Después de que los discípulos de Juan se fueron, Jesús comenzó a hablar acerca de él a las multitudes. «¿A qué clase de hombre fueron a ver al desierto? ¿Acaso era una caña débil sacudida por la más leve brisa? ¿O esperaban ver a un hombre vestido con ropa costosa? No, la gente que usa ropa elegante y vive rodeada de lujos se encuentra en los palacios. ¿Buscaban a un profeta? Así es, y él es más que un profeta. Juan es el hombre al que se refieren las Escrituras cuando dicen:
“Mira, envío a mi mensajero por anticipado,
y él preparará el camino delante de ti”.
Les digo que de todos los hombres que han vivido, nadie es superior a Juan. Sin embargo, hasta la persona más insignificante en el reino de Dios es superior a él».
Cuando oyeron esto, todos —hasta los cobradores de impuestos— coincidieron en que el camino de Dios era el correcto, porque fueron bautizados por Juan; pero los fariseos y los expertos en la ley religiosa no aceptaron el plan de Dios para ellos, porque rechazaron el bautismo de Juan.
«¿Con qué puedo comparar a la gente de esta generación? —preguntó Jesús—. ¿Cómo los puedo describir? Se parecen a los niños que juegan en la plaza. Se quejan ante sus amigos:
“Tocamos canciones de bodas,
y no bailaron;
entonces tocamos cantos fúnebres,
y no lloraron”.
Pues Juan el Bautista no pasaba el tiempo comiendo pan y bebiendo vino, y ustedes dicen: “Está poseído por un demonio”. El Hijo del Hombre, por su parte, festeja y bebe, y ustedes dicen: “Es un glotón y un borracho, ¡y es amigo de cobradores de impuestos y de otros pecadores!”. Pero la sabiduría demuestra estar en lo cierto por la vida de quienes la siguen».

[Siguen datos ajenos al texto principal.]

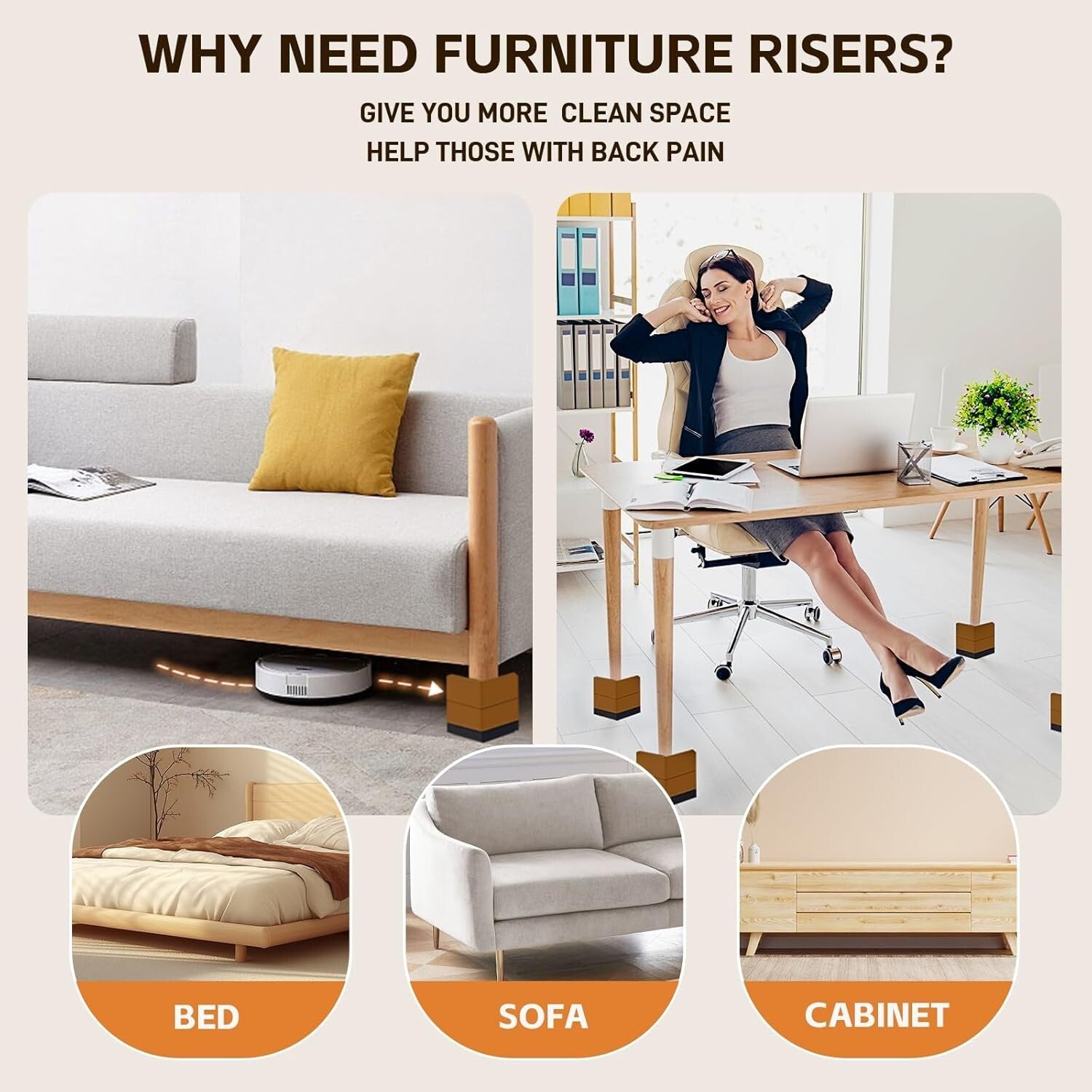 Elegant Brown Furniture Lifts 3-Inch Risers, Perfect for Beds & Sofas - 8 Pack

Uno de los fariseos invitó a Jesús a cenar, así que Jesús fue a su casa y se sentó a comer. Cuando cierta mujer de mala vida que vivía en la ciudad se enteró de que Jesús estaba comiendo allí, llevó un hermoso frasco de alabastro lleno de un costoso perfume. Llorando, se arrodilló detrás de él a sus pies. Sus lágrimas cayeron sobre los pies de Jesús, y ella los secó con sus cabellos. No cesaba de besarle los pies y les ponía perfume.
Cuando el fariseo que lo había invitado vio esto, dijo para sí: «Si este hombre fuera profeta, sabría qué tipo de mujer lo está tocando. ¡Es una pecadora!».

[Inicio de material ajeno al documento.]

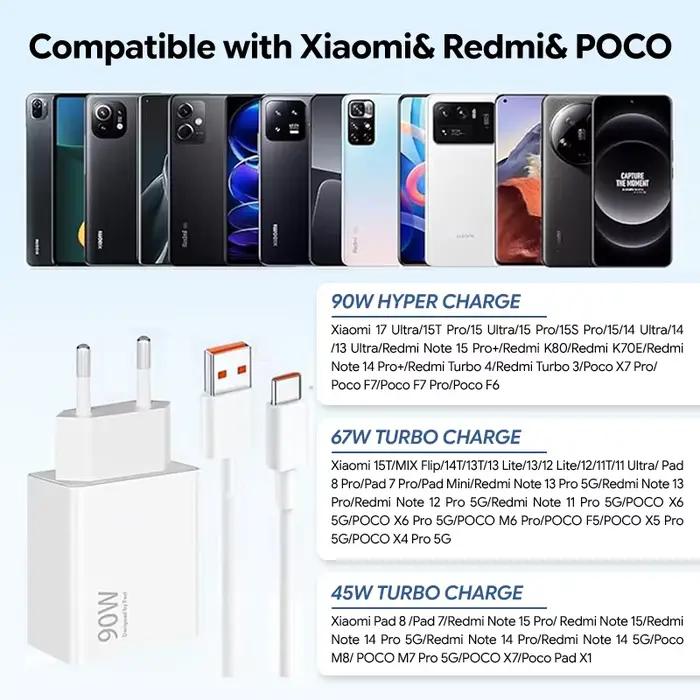 Chargeur Xiaomi 90W Original Charge rapide USB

Entonces Jesús respondió a los pensamientos del fariseo:
—Simón —le dijo—, tengo algo que decirte.
—Adelante, Maestro —respondió Simón.
Entonces Jesús le contó la siguiente historia:
—Un hombre prestó dinero a dos personas, quinientas piezas de plata a una y cincuenta piezas a la otra. Sin embargo, ninguna de las dos pudo devolver el dinero, así que el hombre perdonó amablemente a ambas y les canceló la deuda. ¿Quién crees que lo amó más?
Simón contestó:
—Supongo que la persona a quien le perdonó la deuda más grande.
—Correcto —dijo Jesús.
Luego se volvió a la mujer y le dijo a Simón:
—Mira a esta mujer que está arrodillada aquí. Cuando entré en tu casa, no me ofreciste agua para lavarme el polvo de los pies, pero ella los lavó con sus lágrimas y los secó con sus cabellos. Tú no me saludaste con un beso, pero ella, desde el momento en que entré, no ha dejado de besarme los pies. Tú no tuviste la cortesía de ungir mi cabeza con aceite de oliva, pero ella ha ungido mis pies con un perfume exquisito.
»Te digo que sus pecados —que son muchos— han sido perdonados, por eso ella me demostró tanto amor; pero una persona a quien se le perdona poco demuestra poco amor.
Entonces Jesús le dijo a la mujer: «Tus pecados son perdonados».
Los hombres que estaban sentados a la mesa se decían entre sí: «¿Quién es este hombre que anda perdonando pecados?».
Y Jesús le dijo a la mujer: «Tu fe te ha salvado; ve en paz».